In a statement, vice presidential candidate Sen. Ferdinand Marcos Jr. said amending the constitutional provisions limiting foreign ownership of companies, particularly renewable energy firms, would help cut electricity rates.
Saying the country’s energy policy was “in disarray,” Marcos pointed out that current generation capability could hardly keep up with demand, causing some areas to experience rotating brownouts.
“If we can drive power costs down, mothers can put more food on the table for their families,” he said.
Marcos issued the statement after the Manila Electric Co. (Meralco) announced that consumers could expect an increase of 42 centavos per kilowatt hour in their electricity bills this month and another round of price hikes in the summer months.

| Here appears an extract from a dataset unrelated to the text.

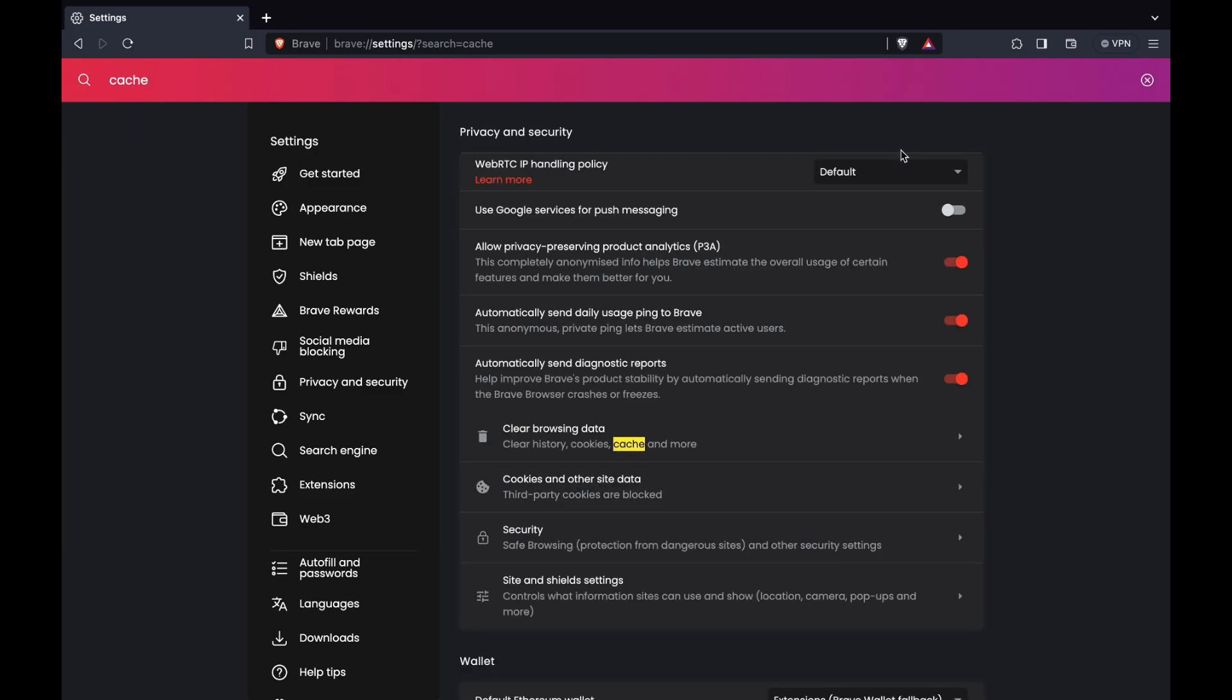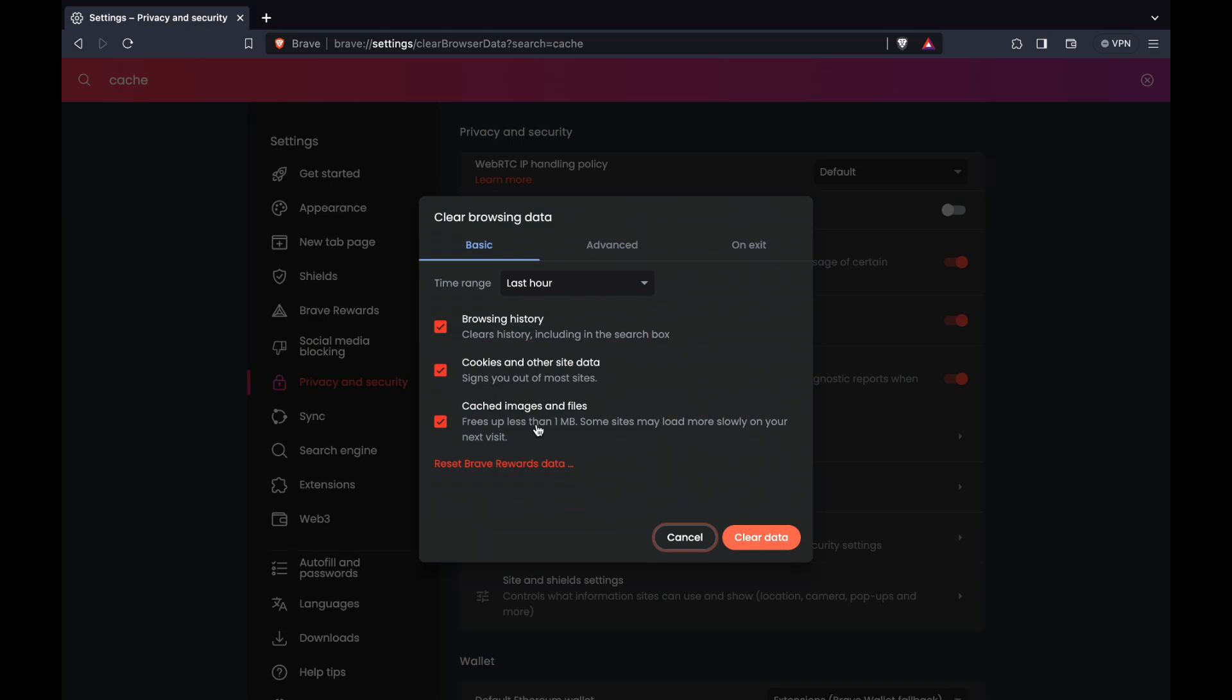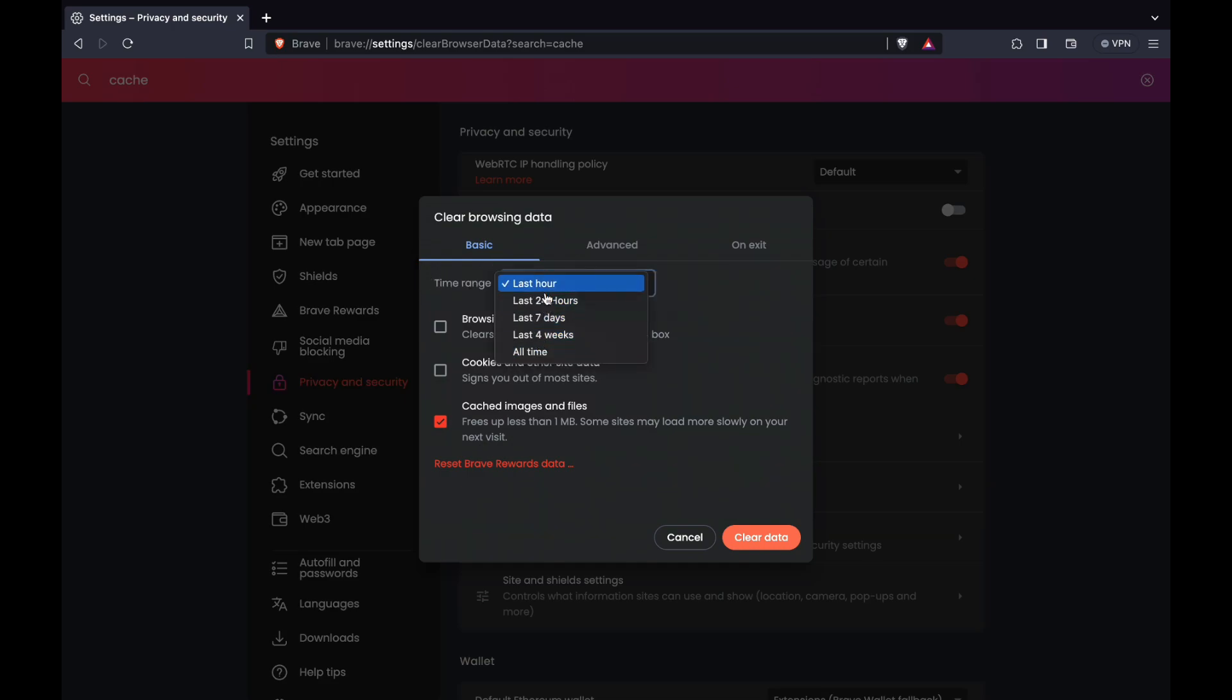Cache. When you do that you will see clear browsing data, and that includes cache. But if you want to only clear your cache and not your browsing history and cookies, then just go ahead and unselect these and only keep the cached images and files. Then here for the time range you can select for what time range you want to delete your cache.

Marcos proposed that the constitutional restriction limiting to 40 percent foreign ownership of local companies be lifted for renewable energy firms.
“We have a lot of areas with the potential for development of renewable energy sources but these require considerable investment. Many foreign firms are interested but not too keen on coming in unless we ease the 40-60 rule,” he said.
He said it was imperative upon the new administration to come up with a clear and fair policy on energy, particularly with respect to renewable energy development.
“If we can do that we would not only have reliable and cheaper electricity but we would be protecting our environment as well,” Marcos said.